◆ Records provided ◆

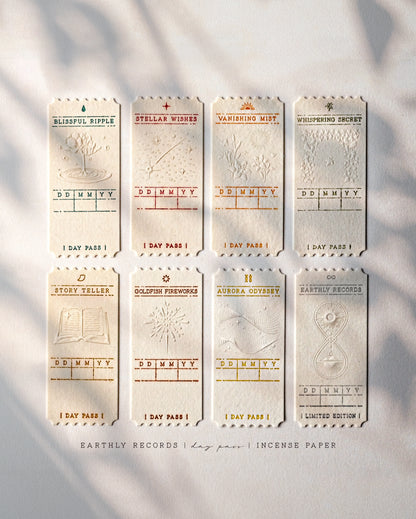Day Pass Incense Paper 2-in-1 Box Set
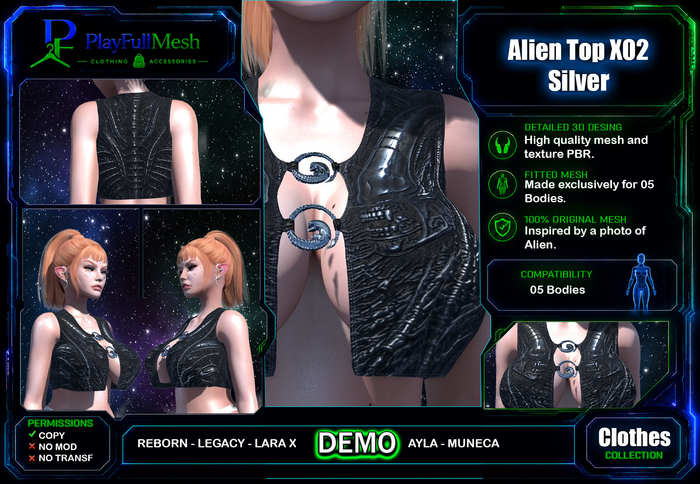 **Alien Top X02(DEMO)*PlayFullMesh*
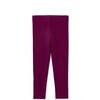 Solid Leggings, Burgundy - Leggings - 2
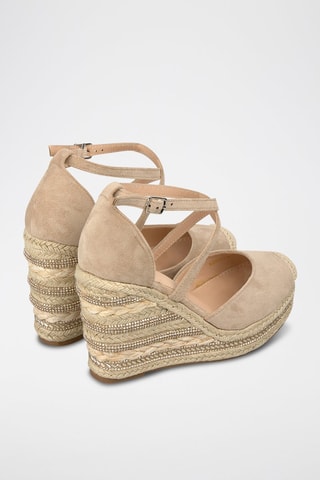 Espadrilles met Sleehak - Beige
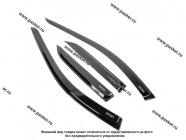 Дефлектор боковых окон LECAR LADA Largus FL с 2021г 5-ти дверная|Код 51078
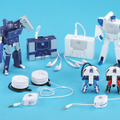 TRANSFORMERS MUSIC LABEL（上がSOUNDWAVE playing audio player、下がFRENZY＆RUMBLE playing earphone）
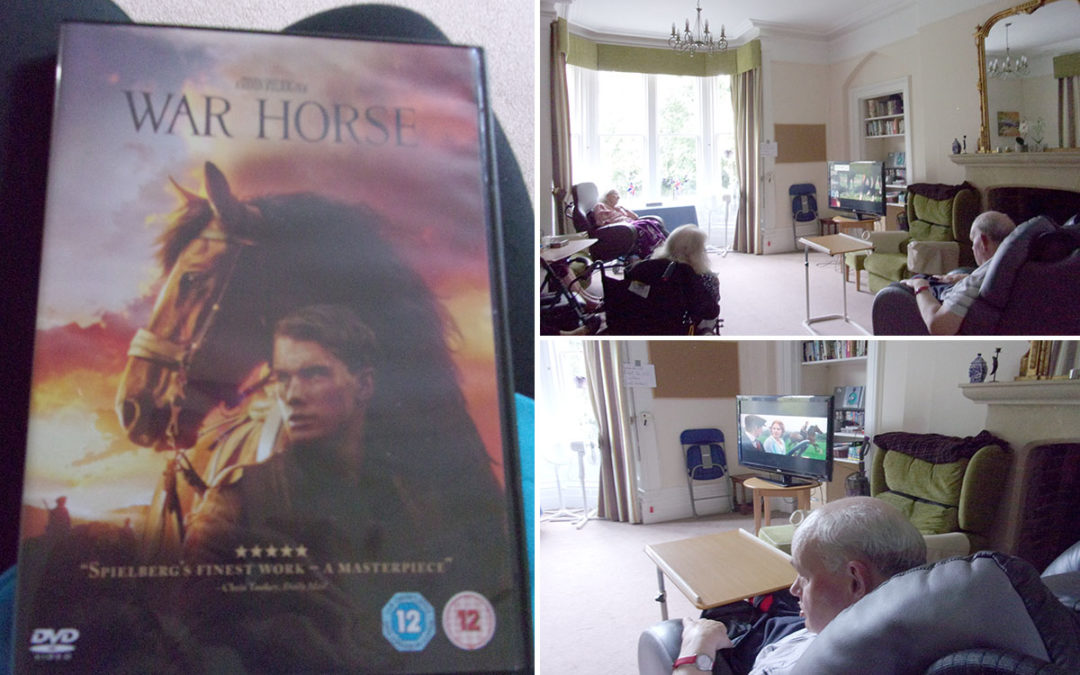 Watching War Horse at Loose Valley Care Home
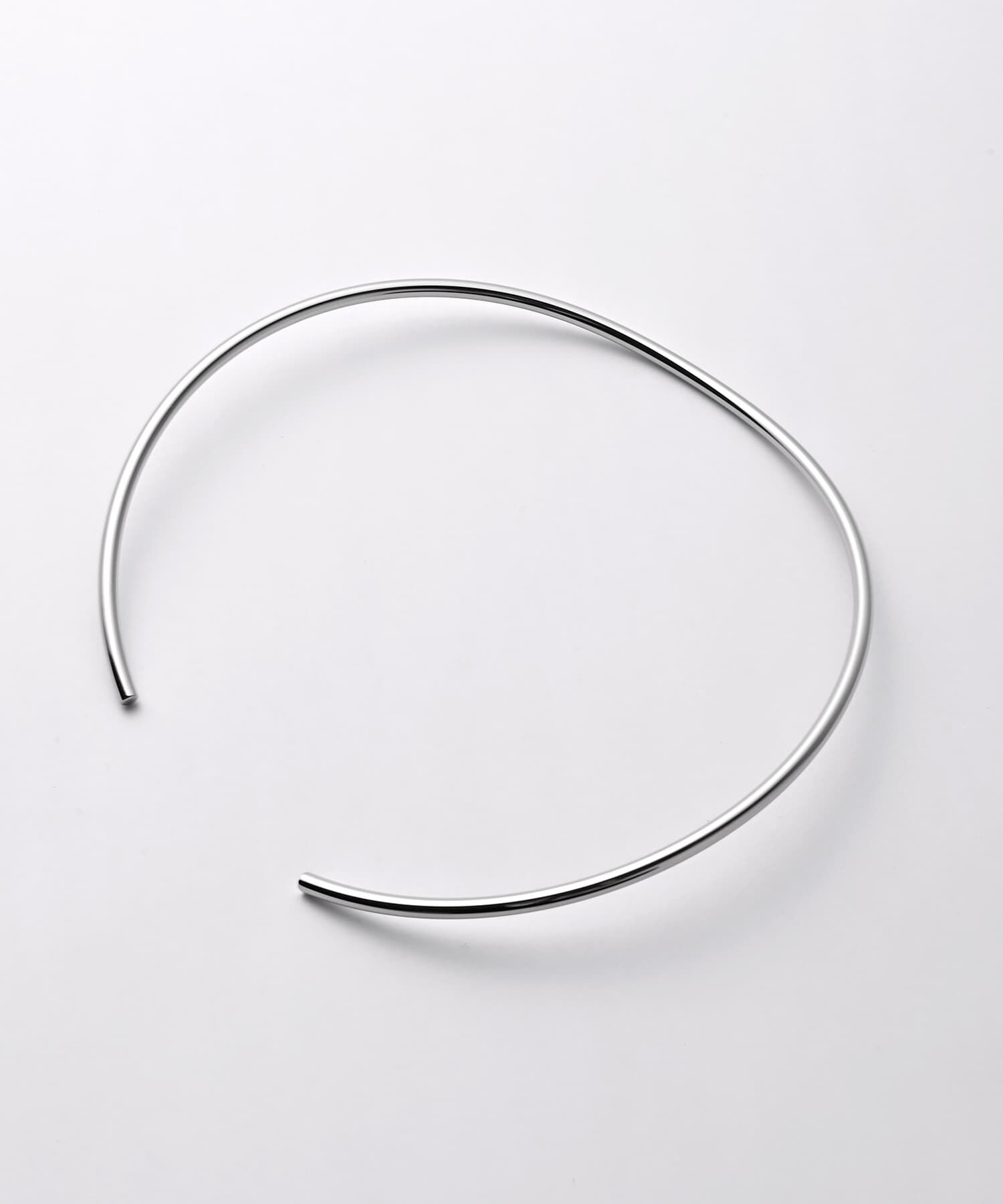 STYLE DELI「【DELI by】ポリッシュメタルミニマルチョーカーネックレス」|ネックレス|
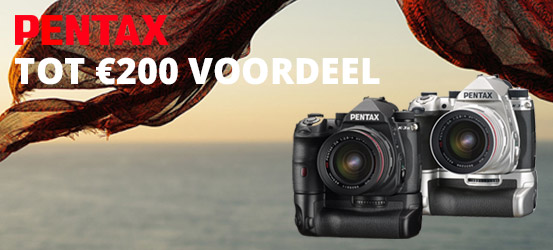 Tot €200 korting op Pentax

◆ Problem requirements ◆
Reproduce the records word for word, please, from their first line up to and including the line that contains "Дефлектор боковых окон", but no pictures.

◆ Result ◆
Day Pass Incense Paper 2-in-1 Box Set
 **Alien Top X02(DEMO)*PlayFullMesh*
 Solid Leggings, Burgundy - Leggings - 2
 Espadrilles met Sleehak - Beige
 Дефлектор боковых окон LECAR LADA Largus FL с 2021г 5-ти дверная|Код 51078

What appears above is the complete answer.